PROVIDED ENTRIES
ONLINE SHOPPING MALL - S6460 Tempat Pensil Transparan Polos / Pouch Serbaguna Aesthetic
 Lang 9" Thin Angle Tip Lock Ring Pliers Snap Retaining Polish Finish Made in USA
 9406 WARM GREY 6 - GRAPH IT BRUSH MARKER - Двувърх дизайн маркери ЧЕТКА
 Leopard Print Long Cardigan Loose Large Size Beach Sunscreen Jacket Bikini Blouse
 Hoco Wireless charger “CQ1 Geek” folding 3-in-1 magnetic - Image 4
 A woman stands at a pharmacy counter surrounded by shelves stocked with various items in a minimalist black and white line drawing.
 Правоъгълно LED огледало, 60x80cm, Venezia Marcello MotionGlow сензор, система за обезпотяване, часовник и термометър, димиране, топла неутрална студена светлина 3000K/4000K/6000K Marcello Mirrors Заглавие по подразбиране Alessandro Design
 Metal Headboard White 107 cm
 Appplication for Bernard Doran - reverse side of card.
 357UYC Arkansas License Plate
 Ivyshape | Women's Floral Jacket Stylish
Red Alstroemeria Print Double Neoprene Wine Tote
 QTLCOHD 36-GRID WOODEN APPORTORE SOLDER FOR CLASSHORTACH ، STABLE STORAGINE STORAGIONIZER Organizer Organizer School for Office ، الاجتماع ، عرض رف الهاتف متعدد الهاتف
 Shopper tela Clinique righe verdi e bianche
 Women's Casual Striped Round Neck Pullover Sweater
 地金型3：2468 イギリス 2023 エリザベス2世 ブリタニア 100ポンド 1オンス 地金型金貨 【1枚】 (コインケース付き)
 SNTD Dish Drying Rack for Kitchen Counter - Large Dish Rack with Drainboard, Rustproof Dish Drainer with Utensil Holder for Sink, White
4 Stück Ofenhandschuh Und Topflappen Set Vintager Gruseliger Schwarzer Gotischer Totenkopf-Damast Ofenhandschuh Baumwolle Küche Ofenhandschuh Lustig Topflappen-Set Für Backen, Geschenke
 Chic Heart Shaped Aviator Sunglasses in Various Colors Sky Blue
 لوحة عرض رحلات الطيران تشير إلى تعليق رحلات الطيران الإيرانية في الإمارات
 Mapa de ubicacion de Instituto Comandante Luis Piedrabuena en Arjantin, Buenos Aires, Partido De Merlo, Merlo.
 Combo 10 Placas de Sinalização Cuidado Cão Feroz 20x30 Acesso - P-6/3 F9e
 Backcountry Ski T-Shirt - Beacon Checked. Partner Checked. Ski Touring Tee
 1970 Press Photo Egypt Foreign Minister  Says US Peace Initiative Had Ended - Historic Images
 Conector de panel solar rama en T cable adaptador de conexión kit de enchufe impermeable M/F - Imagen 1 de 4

EXERCISE PROMPT
Retype exactly the lines from the first line of the records above through the line containing "Ivyshape | Women's Floral Jacket Stylish", both included, and nothing else.

TASK SOLUTION
ONLINE SHOPPING MALL - S6460 Tempat Pensil Transparan Polos / Pouch Serbaguna Aesthetic
 Lang 9" Thin Angle Tip Lock Ring Pliers Snap Retaining Polish Finish Made in USA
 9406 WARM GREY 6 - GRAPH IT BRUSH MARKER - Двувърх дизайн маркери ЧЕТКА
 Leopard Print Long Cardigan Loose Large Size Beach Sunscreen Jacket Bikini Blouse
 Hoco Wireless charger “CQ1 Geek” folding 3-in-1 magnetic - Image 4
 A woman stands at a pharmacy counter surrounded by shelves stocked with various items in a minimalist black and white line drawing.
 Правоъгълно LED огледало, 60x80cm, Venezia Marcello MotionGlow сензор, система за обезпотяване, часовник и термометър, димиране, топла неутрална студена светлина 3000K/4000K/6000K Marcello Mirrors Заглавие по подразбиране Alessandro Design
 Metal Headboard White 107 cm
 Appplication for Bernard Doran - reverse side of card.
 357UYC Arkansas License Plate
 Ivyshape | Women's Floral Jacket Stylish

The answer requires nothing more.